This emerged at sittings of the finance and education portfolio committees in the legislature on Thursday, raising the concern of lawmakers, who heard that the per pupil allocations to schools were below the national recommendations.

Education MEC Peggy Nkonyeni and officials, who presented their R45 billion 2016/17 budget, told MPLs the department was spending 4% more than the national benchmark of 80%

Chief financial officer, Hlengiwe Mcuma, said a funding shortfall was faced for the salaries of 650 employees and the money would have to be taken from other projects. There would also be no funds for the appointment of new teachers.

She said although their budget had been increased by 5.33% (or R2.3 billion), it was strained by the wage agreement signed with teacher unions last year.

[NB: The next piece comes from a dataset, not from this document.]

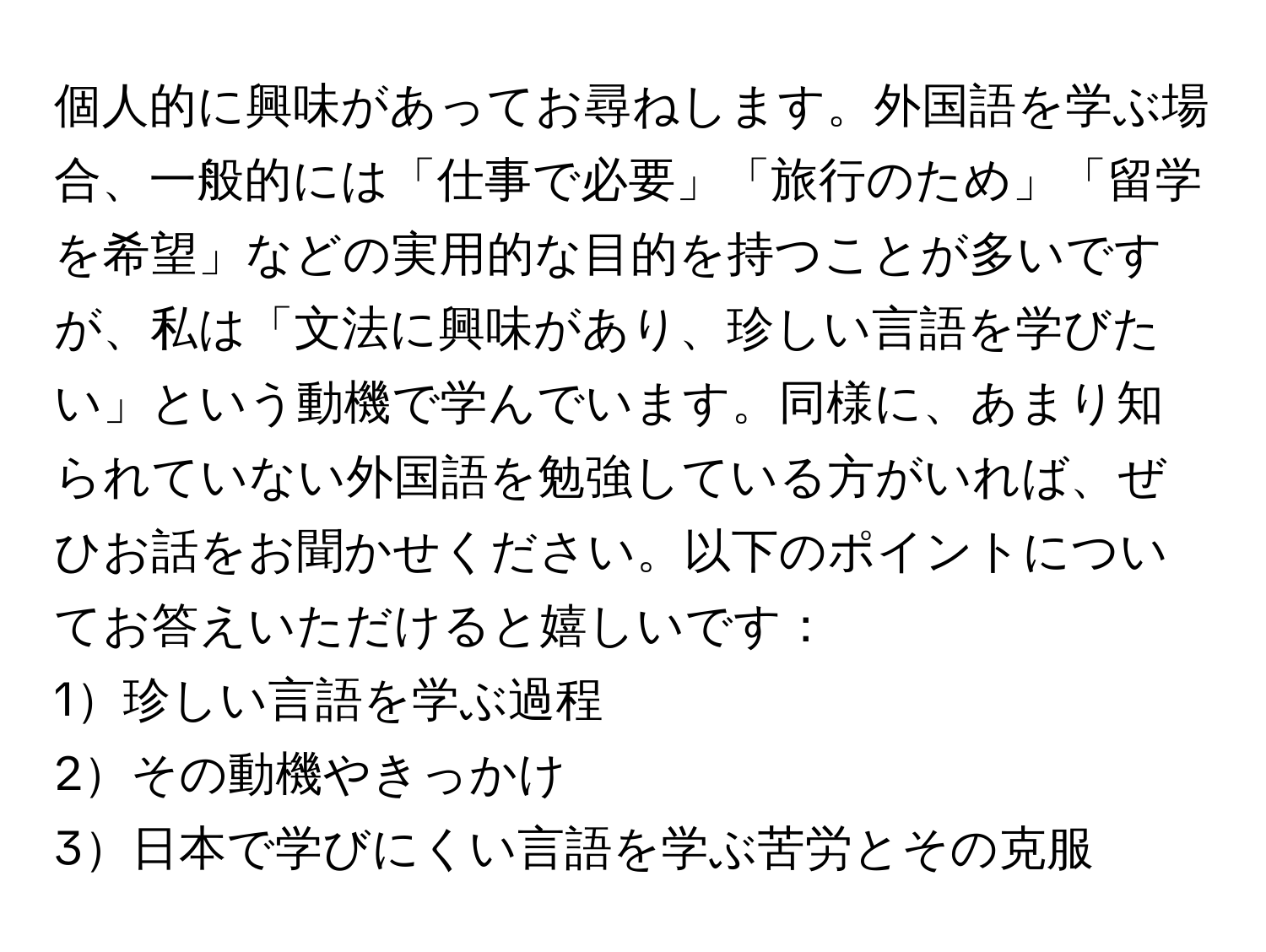 個人的に興味があってお尋ねします。外国語を学ぶ場合、一般的には「仕事で必要」「旅行のため」「留学を希望」などの実用的な目的を持つことが多いですが、私は「文法に興味があり、珍しい言語を学びたい」という動機で学んでいます。同様に、あまり知られていない外国語を勉強している方がいれば、ぜひお話をお聞かせください。以下のポイントについてお答えいただけると嬉しいです：  
1珍しい言語を学ぶ過程  
2その動機やきっかけ  
3日本で学びにくい言語を学ぶ苦労とその克服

Salaries for the department’s more than 107 000 staff - including more than 90 000 teachers - would cost the department an additional R2.6bn in the year ahead, R300m more than the department’s budget increase.

“Clearly indicating that some of the allocations to the categories had to be sacrificed to fund compensation of employees,” said Mcuma.

Goods and services have had to take a knock of 6.47%, while infrastructure development programmes have been cut by 1.05%. The department also had no budget for new cars.

The department was spending R222 less per pupil than the national per learner allocation at its poorest schools, quintile 1 to 3.

The national recommendation was R1 177, while KZN was spending R955.

For relatively better-off quintile 4 schools, the department was spending R522 instead of the national recommendation of R590.

Quintile 5 school pupils were getting R179, R25 less than the prescribed R204.

Mcuma said R460m would be required for the department to achieve the national targets.

More than R15m had been allocated to quintile 4 and 5 schools which accepted pupils who could not afford the full fees charged by schools.

The KZN province also had too many no-fee schools which affected the budget.

National recommends that 65.5% of pupils be supported through no-fee schools while KZN was supporting 74% of pupils.

The department would spend R12m on 15 new buses for scholar transport and R130m on special schools.

The department was lashed by concerned members of the finance committee who said the wages were placing strain on the budget.

NFP MPL, Vikizitha Mlotshwa, said most of the budget went to salaries because the department was unable to accurately say how many staff it employed, referring to the teacher headcounts which were continuing.

The ANC’s Maggie Govender said there was an imbalance between salaries and service delivery.

The DA’s Francois Rodgers said it was a concern the department was 4% above the national norm.